2/10
Butchers the book, Brando hams it up
16 February 2004
Years ago, I loved reading "The Ugly American," so when I saw this film at the video store, I had high hopes. Unfortunately there is little similar between Lederer and Burdick's work and this cinematic dreck.

The book is a story of the complexity of diplomacy, and of the multiple ways some people get it right and some people get it wrong, set it a fictional Indo-Chinese country.

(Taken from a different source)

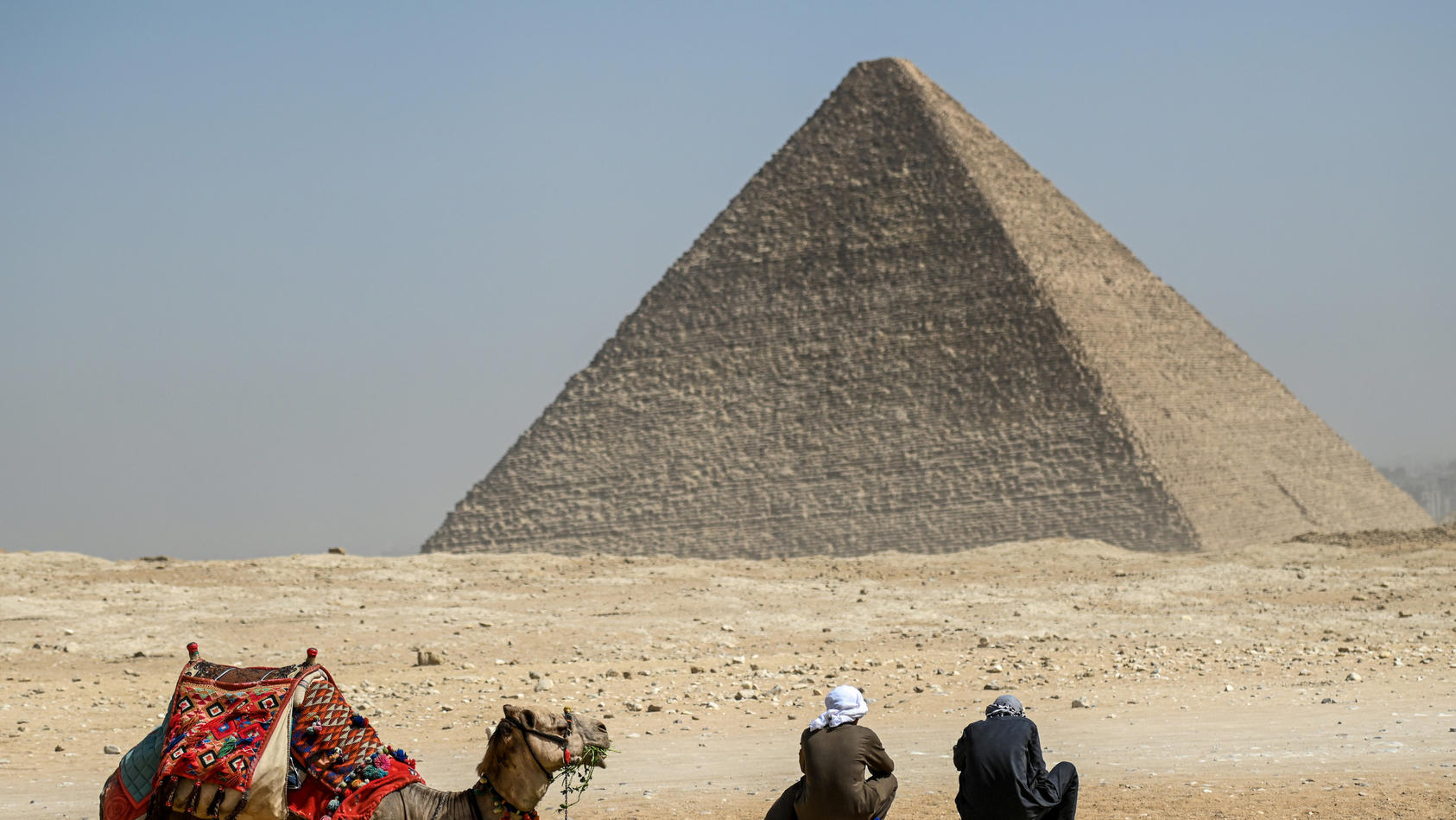 Ein Kamel und seine Reiter rasten vor der Großen Pyramide von Gizeh. Ein internationales Forschungsteam hat in der berühmten ägyptischen Cheops-Pyramide von Gizeh eine bisher unbekannte Kammer nachgewiesen.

The total sum of the movie's attempt to represent complexity are people with different opinions about the state of affairs in the country. And in the end we find out exactly how they were all along. This is not complexity, this is not the ambiguity present in the wonderful book. The screenwriters have taken a plot about fundamental errors in approach, empathy, and understanding, and made it into a movie about people who have minor disagreements on the facts (and eventually are shown the 'correct' interpretation).

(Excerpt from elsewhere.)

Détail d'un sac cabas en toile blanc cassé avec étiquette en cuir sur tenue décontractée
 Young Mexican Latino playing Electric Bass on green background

The book follows a multitude of characters. The movie follows one character, a very hammy Brando, and barely even references anybody else as being significant.

The ugly engineer from the book has a total of about 5 minutes screenplay in the movie! The sleazy, foolish newspaper man the same! These were CRITICAL and CRUCIAL characters in the book, and they are given barely a mention in the movie! The title of the book/movie was in part referring to these characters as well! It is a bad sign when a movie practically eliminates the title characters from the book it is based on.

The book was a tremendous statement about the difficulties of diplomacy and the errors made in Indo-China just before the outbreak of the Vietnam war. The movie is an hour and a half of barely watchable crap. This is perhaps one of Brando's worst performances -- he is practically a parody of himself with eyebrow raised, head titled musings and statements about the lessons his characters learns.

The book was complicated, subtle, and had incredible depth. The movie is simple, base, and shallow. If you liked the book, you'll hate it. If you haven't read the book, you'll still get nothing out of it. There are far too many better films out there on this topic to waste time with this one.